• _Work instruction_:
Only the lines from the one containing "Valentina Jung, presidente" to the end of the data below belong in the answer, each repeated exactly; no pictures.

• _Supplied material_:
________________________

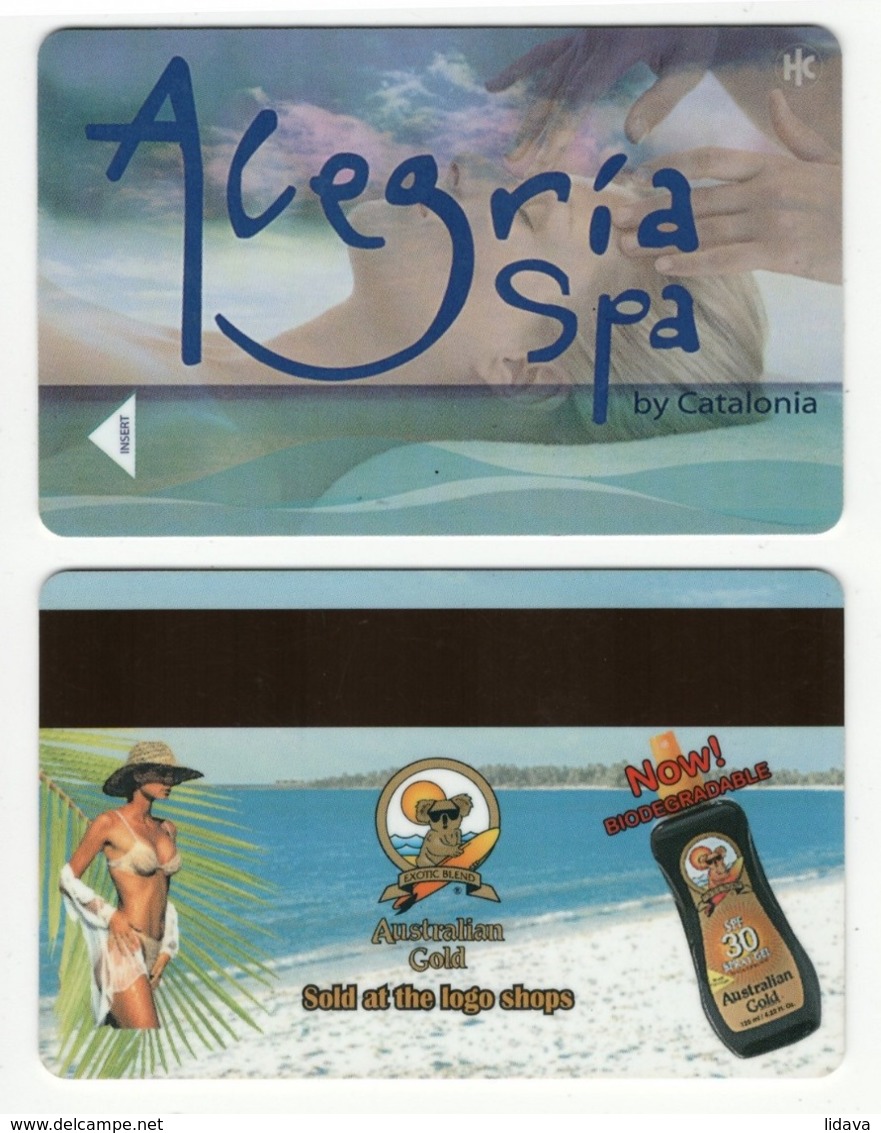 Hotelkey Key Card Hotel Alegria Spa By Catalonia - Hotelkarten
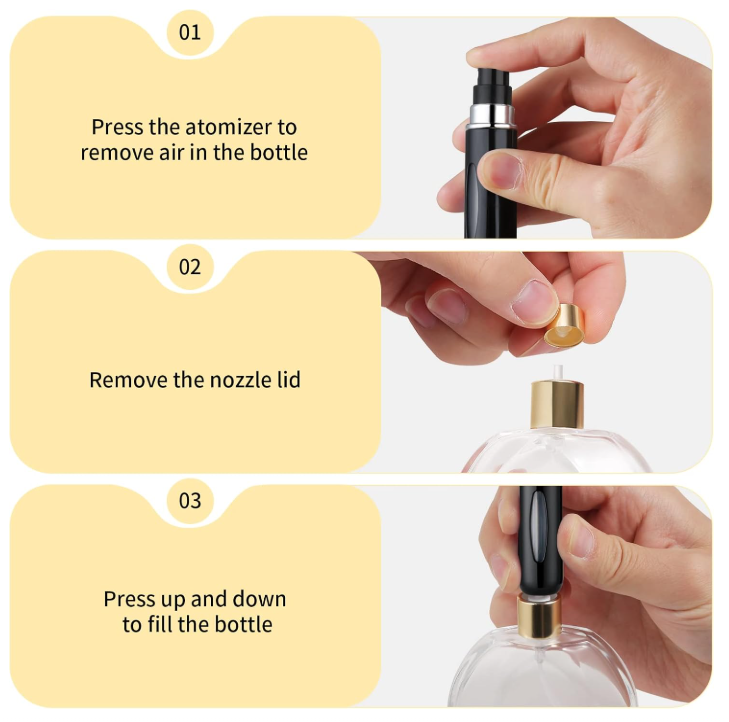 Refillable pocket friendly bottle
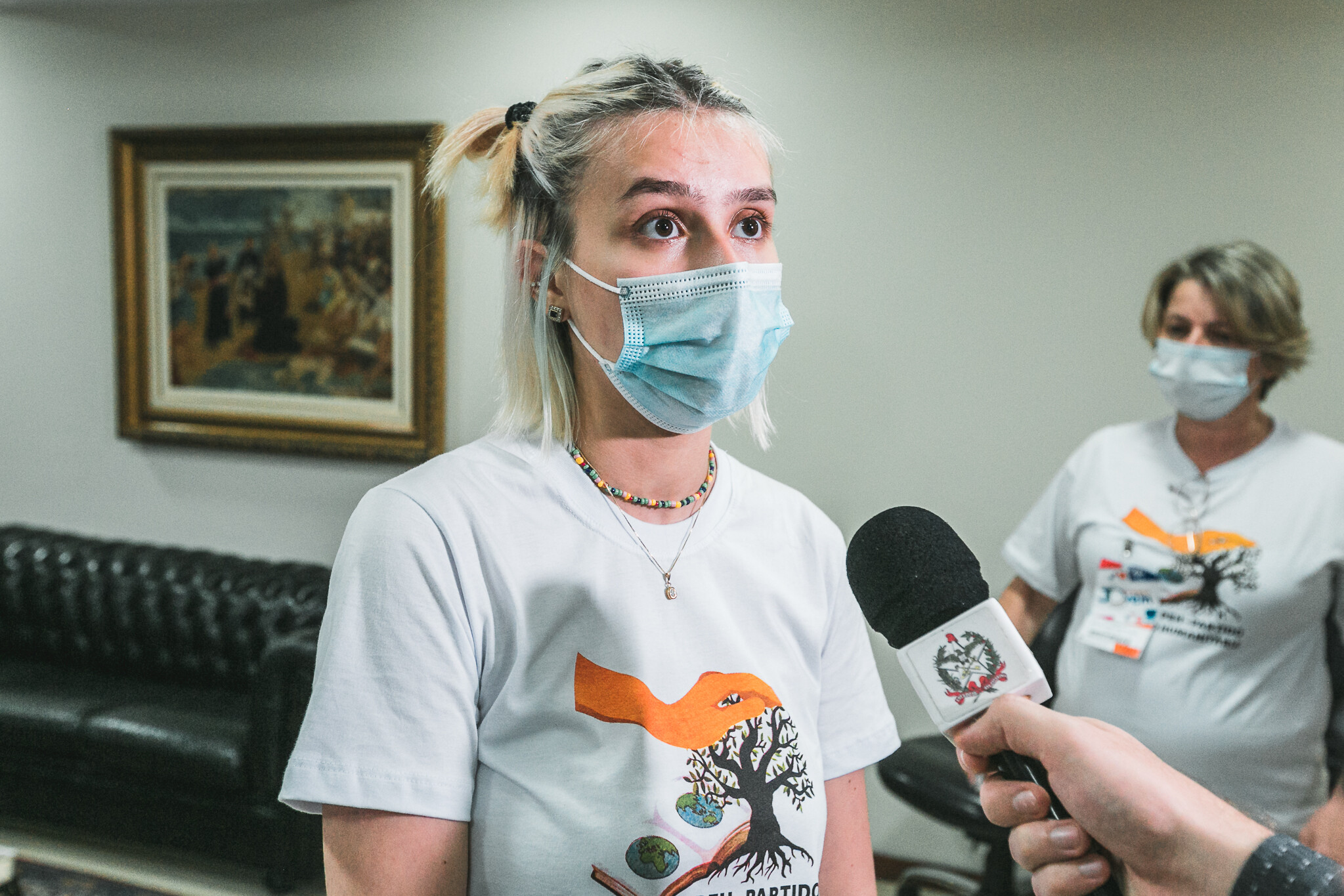 Valentina Jung, presidente do Parlamento Jovem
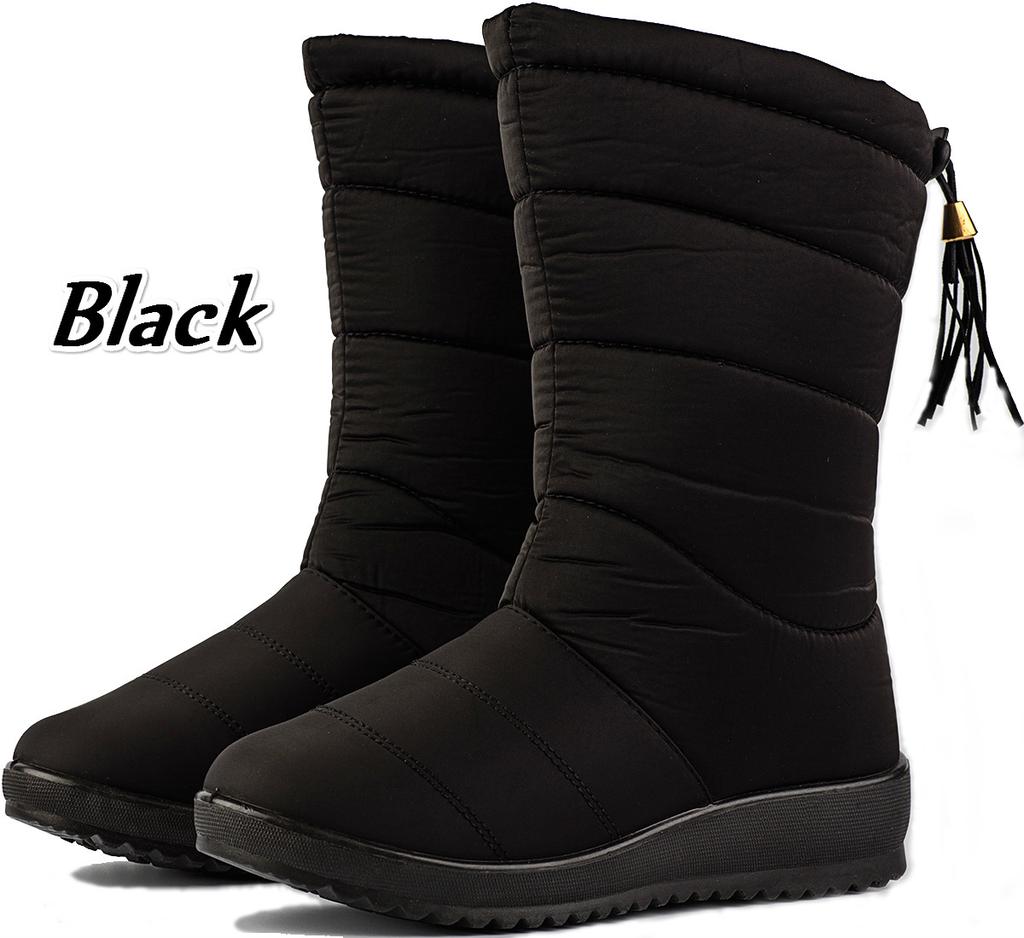 💰Koop Designer Women Ankle Snow Boots Female Down Plush Winter High Boots  Waterproof Fur Boots goedkoop online tegen de lage prijs met gratis  verzending bij Joom webshop — ⭐reviews van echte klanten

________________________

• _Result of the exercise_:
 Valentina Jung, presidente do Parlamento Jovem
 💰Koop Designer Women Ankle Snow Boots Female Down Plush Winter High Boots  Waterproof Fur Boots goedkoop online tegen de lage prijs met gratis  verzending bij Joom webshop — ⭐reviews van echte klanten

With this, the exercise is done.